In November, Oz's claims proved to hold water. An independent investigation by Consumer Reports into trace amounts of arsenic found in bottled juice prompted Consumers Union, an advocacy arm of Consumer Reports, to urge the U.S. Food and Drug Administration to lower its standards for arsenic levels in juice drinks.
The results of the study, which tested 88 samples of grape and apple juice, found that 10 percent of juices tested had total arsenic levels greater than the Food and Drug Administration's standard for drinking water of 10 parts per billion (ppb), while 25 percent of juices also had lead levels higher than the FDA's bottled water limit of 5 ppb.
Most of the arsenic detected in Consumer Reports' tests was a type known as inorganic, which is considered to be a human carcinogen.

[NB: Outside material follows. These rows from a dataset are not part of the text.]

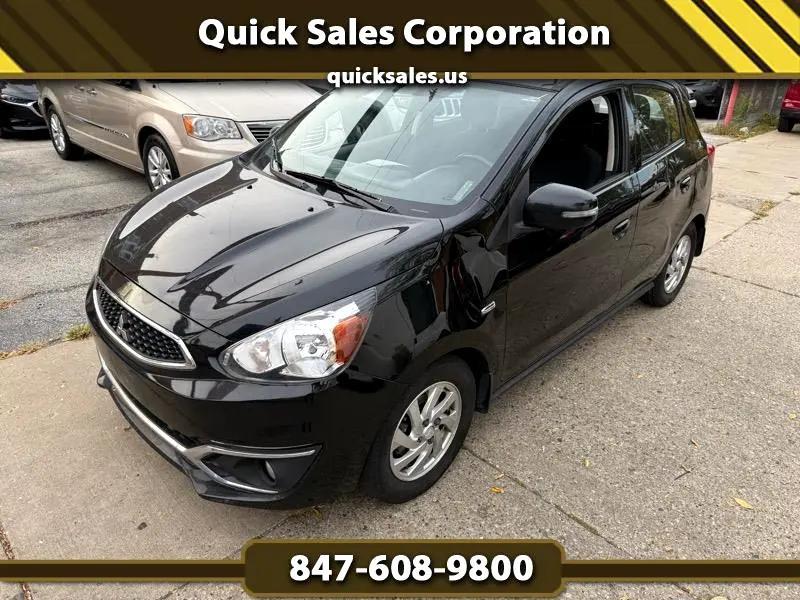used 2018 Mitsubishi Mirage car, priced at $4,950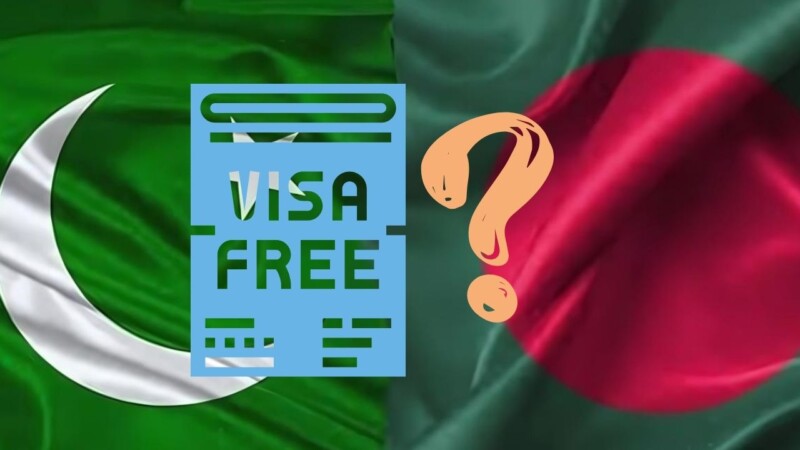 Visa-free entry in Pakistan for Bangladeshi citizens? No, not quite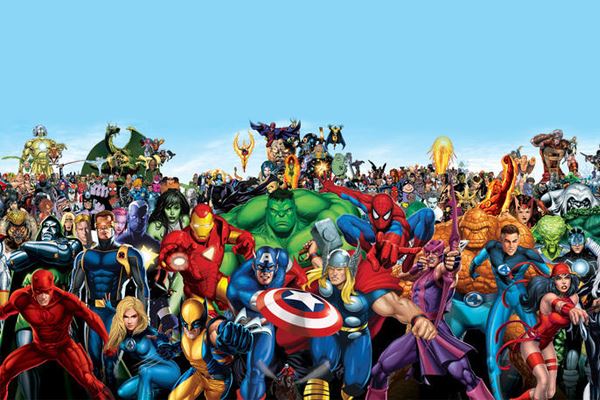 COMPLET – Le Monde Fantastique des Super-Héro(ine)s !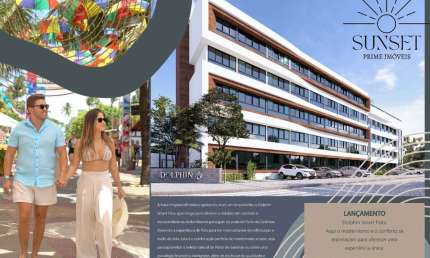 Dolphin Smart Flats. Studios, Gardens e 2 quartos em Porto de Galinhas. Alta Valorização e rentabilidade. Investimento INTELIGENTE!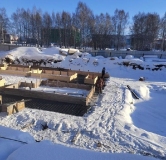 Ход строительства дома 2/3, секция А в ЖК Микрорайон №9 -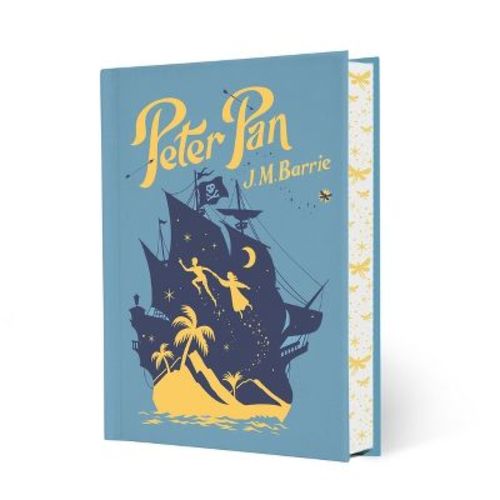 Peter Pan - (Children's Signature Clothbound Editions) by J M Barrie (Hardcover)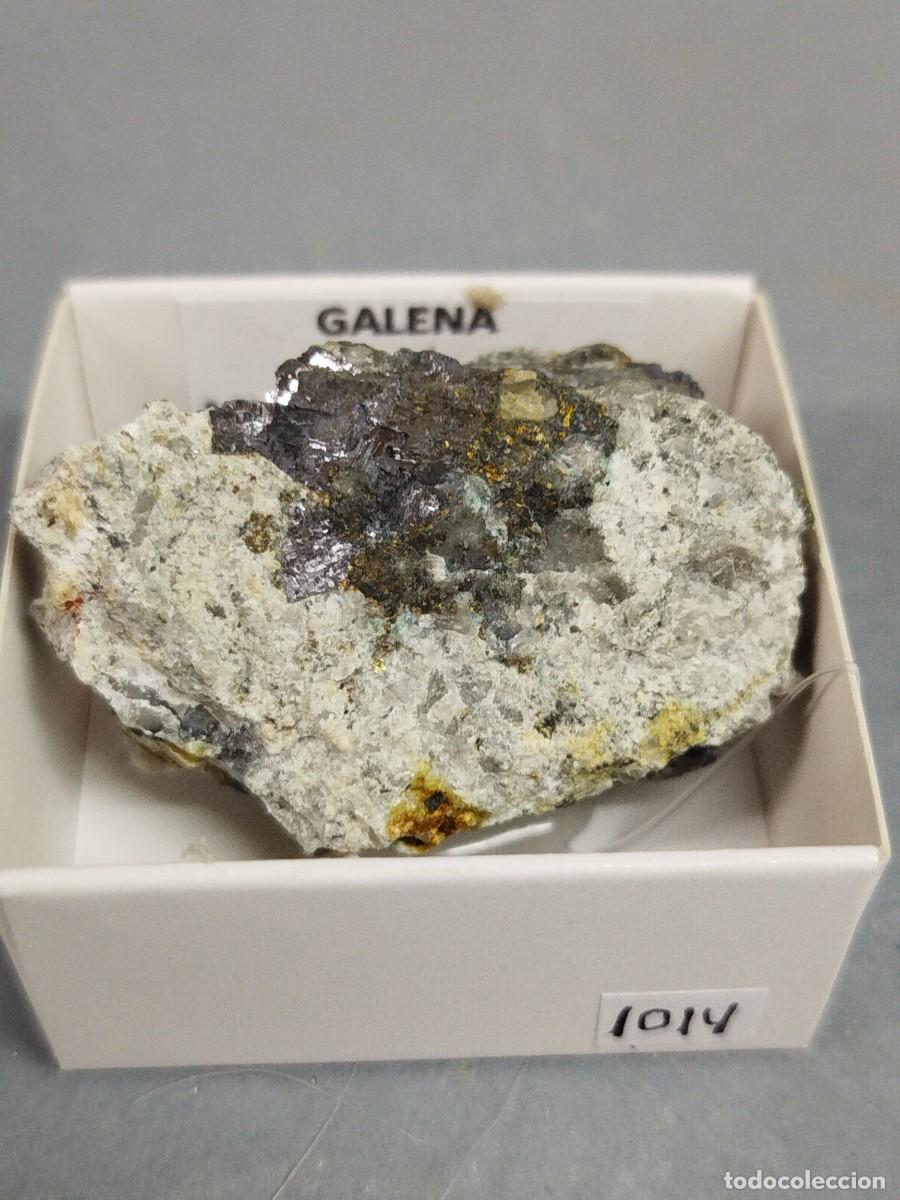 Coleccionismo de minerales: GALENA - MINERAL. Ja&eacute;n. 4x4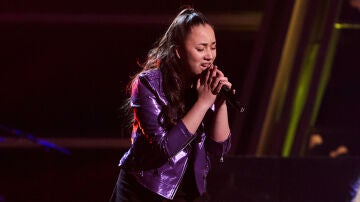 Geraldine, talent de La Voz Kids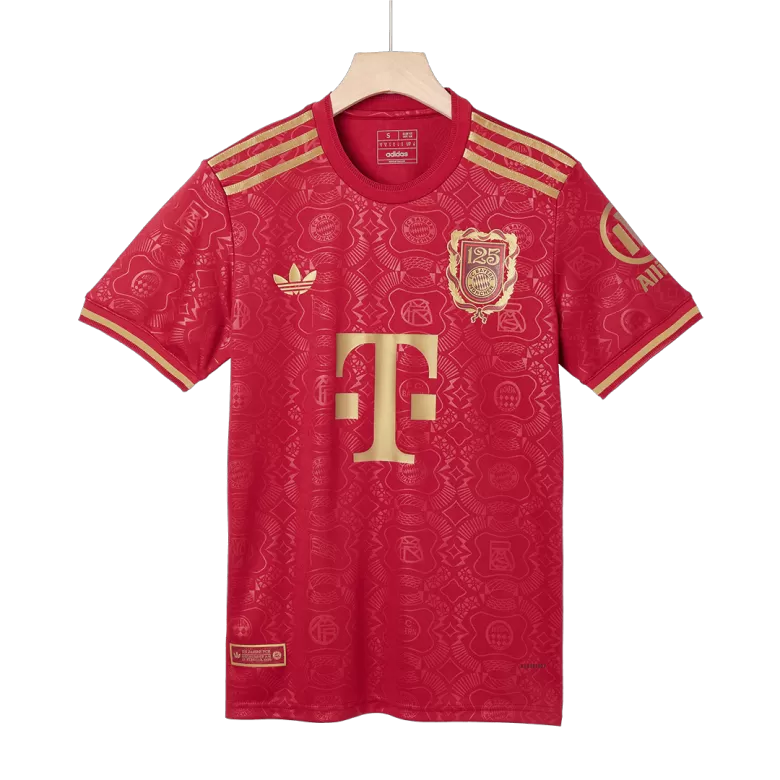 Bayern Munich Soccer Jersey Shirt 2024/25 125th Anniversary - bestsoccerstore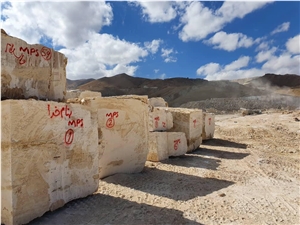 Noce Travertine Rough Blocks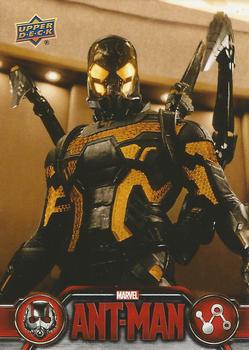 2017 Upper Deck Marvel Cinematic Universe #59 Yellowjacket Front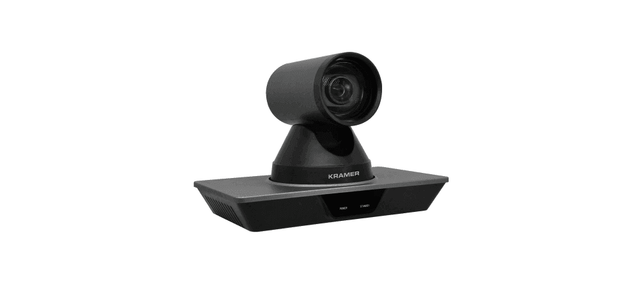 Kramer K-CAM4K 4K PTZ Camera & 4K UHD Camera, 71–Degree Wide–Angle Lens & 12 Times Optical Zoom - Creation Networks
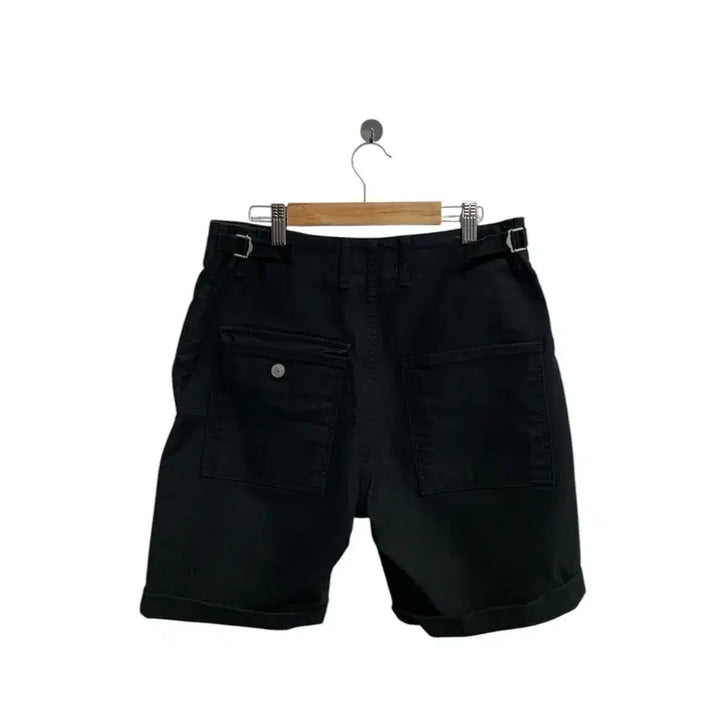 [BUNJANG] Uniform Bridge Shorts Black M / 유니폼 브릿지 쇼츠 블랙  M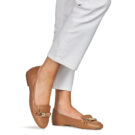 See by Chlo&eacute; SIGNATURE 1 Marron Ballerines Femme - 8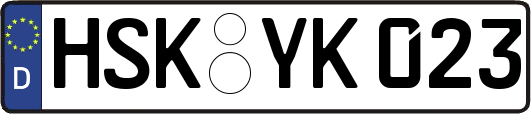 HSK-YK023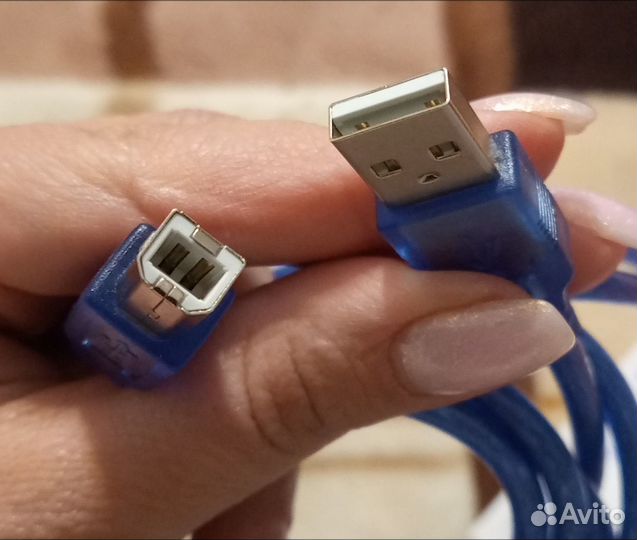 Кабель USB-USB type B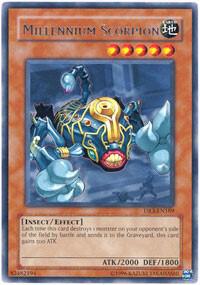 Millennium Scorpion DR3-EN189 card from Dark Revelation Volume 3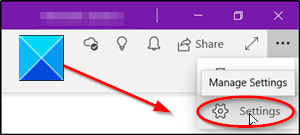 OneNote या Outlook में डार्क मोड कैसे सक्षम करें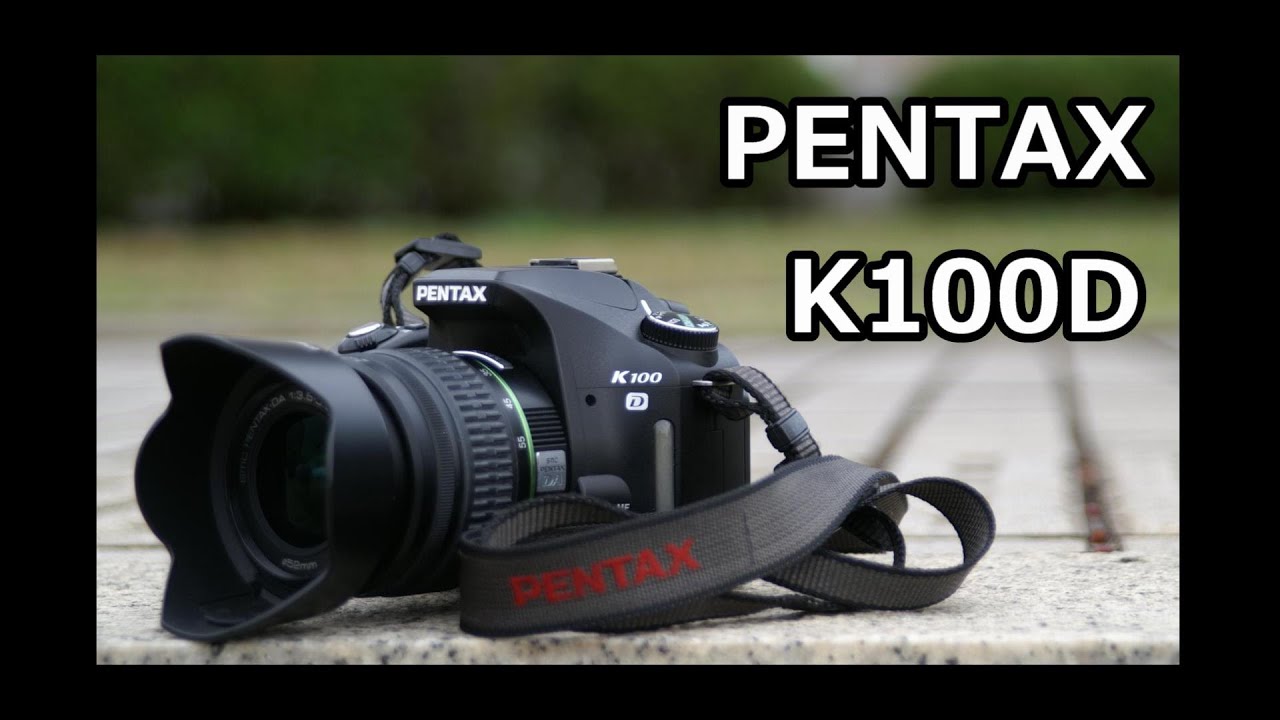 PENTAX K100D CCDセンサー 作例（オールドデジイチ） - YouTube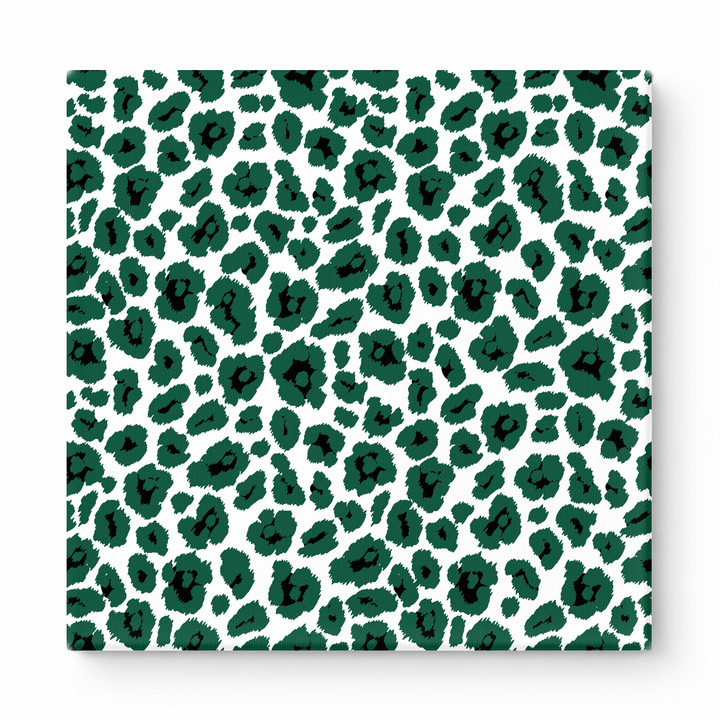 Forest Green & White Leopard — National Football Teams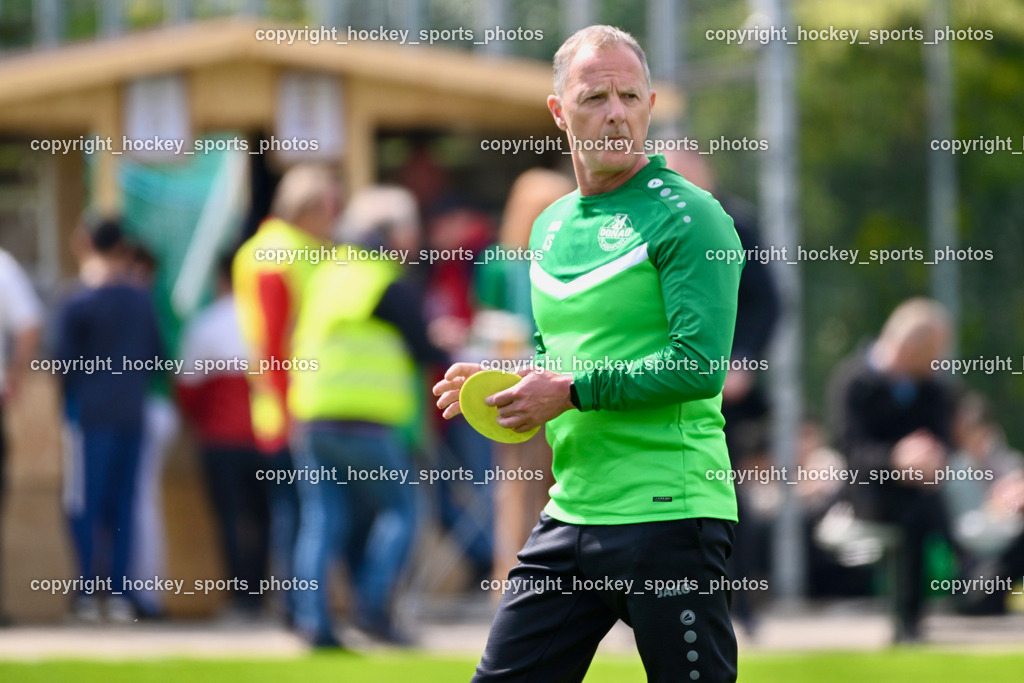 Donau Klagenfurt vs. SAK | Headcoach SV Donau Kurt Stuck, SV Donau Klagenfurt vs. SAK, SV Donau Klagenfurt vs. SAK am 11.04.2026 in Klagenfurt (Sportplat Donau ), Austria, (Photo by Bernd Stefan)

Although federal standards exist for arsenic and lead levels allowed in bottled and drinking water, there are no limits defined for fruit juices.
"Back in September the FDA made a number of statements that reassured me. I'm much less reassured now. They published the test online, but withheld eight results that were very high," Besser said as part of an apology to Oz on "World News."
The testing and analysis led Consumers Union to urge the federal government to establish a standard of 3 ppb for total arsenic and 5 ppb for lead in juice.
Following the report, Besser told "Good Morning America" that parents should limit their children's juice consumption to no more than four to six ounces per day for children under age 7, and no more than 8 to 12 ounces for children older than age 7. Children younger than 6 months should not drink juice at all, Besser said.
Besser also recommended that the FDA do additional testing of juices.